When you are out in nature, trying to enjoy a peaceful time by yourself, there is hardly anything more annoying than those buzzing pests that are constantly trying to (or seemingly trying to) get a piece of you or leave a piece of them in you. Most of the time these little critters can be little more than a pain in the neck and inconvenience, but sometimes they can be more. When can we just ignore the pain and move on, and when should we do more?
Hymenoptera (Bees, Wasps and Ants)
These are an important group of venomous insects due to their abundance and the potential complications of their envenomation. In particular, over 350 fatal attacks by bees have been recorded, with over 190 having occurred in Mexico and future estimates in the area being 60 deaths a year.1 In the US there are already over 40 deaths a year from anaphylaxix due to hymenoptera stings.2 The most well-known cause is anaphylaxis, however to a non-allergic person the number of stings required from a honeybee to inflict death is estimated from 500-1500.1
Single stings from a hymanoptera species to an unsensitized person causes pain, wheal formation and potentially some edema.1 It can also cause lymphangitic streaks within 1-2 days, which should not be mistaken for cellulitis. Large local reactions are genearlly not dangerous as long as they do not occur on the face or near the airway.2 These reactions are due to the local release of vasoactive amines including histamine and dopamine, along with norephinephrine and kinins.2 Fire ant bites additionally can result in the formation of a vesicle that turns into a sterile pustule. Multiple bites or stings can lead to more serious symptoms such as diarrhea, vomiting, dyspnea, tachycardia, hypotension or collapse.

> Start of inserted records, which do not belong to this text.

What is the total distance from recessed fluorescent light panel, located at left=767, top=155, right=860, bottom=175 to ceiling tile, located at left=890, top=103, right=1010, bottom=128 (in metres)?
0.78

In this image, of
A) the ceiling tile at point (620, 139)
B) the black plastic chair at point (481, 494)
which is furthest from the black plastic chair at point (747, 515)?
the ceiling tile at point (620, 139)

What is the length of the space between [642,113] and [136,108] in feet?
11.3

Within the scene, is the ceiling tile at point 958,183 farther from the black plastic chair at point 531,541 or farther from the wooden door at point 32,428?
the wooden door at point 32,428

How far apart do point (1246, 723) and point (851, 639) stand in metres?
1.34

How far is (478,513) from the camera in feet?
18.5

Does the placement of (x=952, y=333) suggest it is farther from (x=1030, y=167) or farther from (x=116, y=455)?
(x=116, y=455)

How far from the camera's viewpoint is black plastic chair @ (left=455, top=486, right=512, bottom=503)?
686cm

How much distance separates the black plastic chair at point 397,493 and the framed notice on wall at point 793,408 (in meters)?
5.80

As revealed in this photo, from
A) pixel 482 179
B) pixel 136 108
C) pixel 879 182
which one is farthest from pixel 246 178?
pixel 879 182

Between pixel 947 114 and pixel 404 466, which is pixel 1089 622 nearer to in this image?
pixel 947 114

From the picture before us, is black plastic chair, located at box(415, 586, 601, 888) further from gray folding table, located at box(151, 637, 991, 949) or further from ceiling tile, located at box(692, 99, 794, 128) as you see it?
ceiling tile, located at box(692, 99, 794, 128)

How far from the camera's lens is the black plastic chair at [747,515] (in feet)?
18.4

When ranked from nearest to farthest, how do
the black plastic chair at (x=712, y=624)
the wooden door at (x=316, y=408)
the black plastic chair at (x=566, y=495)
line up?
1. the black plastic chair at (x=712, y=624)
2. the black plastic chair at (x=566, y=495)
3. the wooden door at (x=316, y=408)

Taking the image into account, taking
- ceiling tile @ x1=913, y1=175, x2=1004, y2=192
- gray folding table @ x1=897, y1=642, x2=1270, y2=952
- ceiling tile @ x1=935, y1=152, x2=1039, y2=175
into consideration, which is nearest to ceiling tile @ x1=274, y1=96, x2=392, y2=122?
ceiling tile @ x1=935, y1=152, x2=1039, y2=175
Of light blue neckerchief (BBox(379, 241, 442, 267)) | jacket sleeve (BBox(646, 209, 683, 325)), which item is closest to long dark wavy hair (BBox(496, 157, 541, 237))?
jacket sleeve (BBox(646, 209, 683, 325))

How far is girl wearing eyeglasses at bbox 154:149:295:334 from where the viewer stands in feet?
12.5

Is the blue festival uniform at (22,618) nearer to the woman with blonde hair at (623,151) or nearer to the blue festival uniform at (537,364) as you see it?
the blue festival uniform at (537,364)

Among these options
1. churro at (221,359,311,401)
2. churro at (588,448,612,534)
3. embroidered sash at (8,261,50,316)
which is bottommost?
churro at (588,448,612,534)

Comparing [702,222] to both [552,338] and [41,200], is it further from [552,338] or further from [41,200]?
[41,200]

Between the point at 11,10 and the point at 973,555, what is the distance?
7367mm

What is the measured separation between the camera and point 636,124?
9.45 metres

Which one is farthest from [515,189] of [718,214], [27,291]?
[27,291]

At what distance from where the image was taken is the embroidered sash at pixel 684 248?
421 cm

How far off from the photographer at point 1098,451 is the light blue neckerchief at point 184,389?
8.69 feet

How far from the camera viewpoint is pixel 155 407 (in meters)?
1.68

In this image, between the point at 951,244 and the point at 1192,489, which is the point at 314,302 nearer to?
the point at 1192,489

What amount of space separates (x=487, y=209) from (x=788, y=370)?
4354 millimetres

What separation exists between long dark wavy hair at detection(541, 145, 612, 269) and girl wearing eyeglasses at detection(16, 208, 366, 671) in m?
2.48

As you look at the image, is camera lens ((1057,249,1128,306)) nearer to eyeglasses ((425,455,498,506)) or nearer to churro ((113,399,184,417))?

Rare instances of renal failure, hemolytic anemia, encephalitis, myocarditis, Guillain-Barre syndrome and acute pancreatitis have also been documented.1,2 In the case of a sting, it is important to first remove the stinger as the venom sac can continue to pump venom.

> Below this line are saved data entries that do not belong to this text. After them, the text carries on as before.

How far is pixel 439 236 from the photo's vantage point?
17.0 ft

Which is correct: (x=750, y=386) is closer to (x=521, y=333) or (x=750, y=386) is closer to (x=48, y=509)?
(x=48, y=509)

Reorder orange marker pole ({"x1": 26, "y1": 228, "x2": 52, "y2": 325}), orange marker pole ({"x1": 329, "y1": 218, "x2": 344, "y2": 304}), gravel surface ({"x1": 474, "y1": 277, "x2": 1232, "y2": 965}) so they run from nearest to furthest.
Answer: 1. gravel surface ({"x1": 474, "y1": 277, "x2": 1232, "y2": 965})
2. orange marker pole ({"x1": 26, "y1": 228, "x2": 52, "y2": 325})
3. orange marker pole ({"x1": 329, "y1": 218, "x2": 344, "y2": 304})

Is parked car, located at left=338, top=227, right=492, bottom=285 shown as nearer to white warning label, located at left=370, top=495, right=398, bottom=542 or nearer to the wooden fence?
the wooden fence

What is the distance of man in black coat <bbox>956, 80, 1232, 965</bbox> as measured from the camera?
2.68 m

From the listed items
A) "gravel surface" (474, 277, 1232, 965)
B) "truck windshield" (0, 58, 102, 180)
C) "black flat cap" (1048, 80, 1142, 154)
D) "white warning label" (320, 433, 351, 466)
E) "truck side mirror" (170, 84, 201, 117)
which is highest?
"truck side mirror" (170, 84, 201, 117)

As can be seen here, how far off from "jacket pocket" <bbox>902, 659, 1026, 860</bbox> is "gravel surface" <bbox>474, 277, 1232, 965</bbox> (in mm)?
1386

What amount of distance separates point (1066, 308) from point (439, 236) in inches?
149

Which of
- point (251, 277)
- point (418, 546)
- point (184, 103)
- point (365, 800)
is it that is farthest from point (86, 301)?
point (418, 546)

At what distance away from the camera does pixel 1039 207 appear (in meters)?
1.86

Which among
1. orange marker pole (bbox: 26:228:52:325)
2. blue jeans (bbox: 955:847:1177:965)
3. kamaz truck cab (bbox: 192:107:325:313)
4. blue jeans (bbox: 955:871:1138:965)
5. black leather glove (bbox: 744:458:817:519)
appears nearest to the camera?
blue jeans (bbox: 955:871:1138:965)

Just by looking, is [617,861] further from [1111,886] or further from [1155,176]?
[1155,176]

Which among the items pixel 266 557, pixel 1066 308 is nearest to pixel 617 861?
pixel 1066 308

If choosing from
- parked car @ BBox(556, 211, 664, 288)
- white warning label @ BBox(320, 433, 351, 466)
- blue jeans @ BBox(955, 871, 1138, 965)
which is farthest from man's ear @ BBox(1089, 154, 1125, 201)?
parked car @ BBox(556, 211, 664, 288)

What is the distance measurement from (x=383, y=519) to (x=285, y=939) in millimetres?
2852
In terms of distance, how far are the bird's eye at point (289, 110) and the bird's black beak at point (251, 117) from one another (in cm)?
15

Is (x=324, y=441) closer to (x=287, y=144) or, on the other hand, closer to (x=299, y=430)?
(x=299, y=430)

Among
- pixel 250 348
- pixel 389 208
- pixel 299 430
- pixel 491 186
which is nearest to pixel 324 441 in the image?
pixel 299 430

It is better to remove it quick than taking time to look for a knife or a credit card to scrape it off…time is of the essence and the notion that you will worsen the injury by squeezing in additional venom has been discredited.1,3 For the non-allergic stings, apply ice or a cold pack, take Benadryl (25-50mg every 4 hours) and Ibuprofen or Acetaminophen to help alleviate swelling and pain. For bee stings, application a past of baking soda and water has been suggested, but not supported. This is likewise for application of an acidic substance (e.g. vinegar, lemon juice) to wasp stings.3 Topical “sting sticks” and topical aspirin paste are also not effective. Meat tenderizer applied to the sites does however seem to be of value in helping to denature the venom and reduce pain.3 Topical antihistamines or steroids may help, and oral steroids can help resolve extensive local reactions (important to give for large local reactions near airway to prevent compromise).1,2
For anaphylaxis, inject epinephrine using an EpiPen in the anterolateral aspect of the thigh. Of note, EpiPens expire every 1-1.5 years, and a study done in rabbits previously found that expired epinephrine had significantly reduced bioavailability proportional to the number of months past due it was.4 However, if an expired EpiPen is all that is available it should be given as long as it is not discolored and there are no precipitates visible.4 If taking it along on a hike, it should remain at a temperature between 59°F – 86° F, which means if you are out on a cold hike it should be kept within your insulating layer and close to your body heat. One thing to keep in mind following Epinephrine injection is that in some people it may aggravate heart conditions and can lead to ventricular arrythmias. Having a heart condition is not a contraindication to receiving epinephrine, and a person in anaphylaxis should never have it withheld because of this.1
- Auerbach, Paul S. “Chapter 50: Arthropod Envenomation and Parasitism.” Wilderness Medicine. 6th ed. Philadelphia, PA: Elsevier/Mosby, 2012. Print.
- Casale, TB and Burks AW. “Hymenoptera-Sting Hypersensitivity.” NEJM 2014; 370: 1432-1439.
- Weiss, Eric A. “Insect Bites and Stings.” A Comprehensive Guide to Wilderness and Travel Medicine. Oakland, CA: Adventure Medical Kits, 1997. 121-28. Print.
- Estelle F, Simons R, Gu X, Simons KJ. Outdated EpiPen and EpiPen Jr autoinjectors: Past their prime? J Allergy Clin Immunol 2000;1025-1030.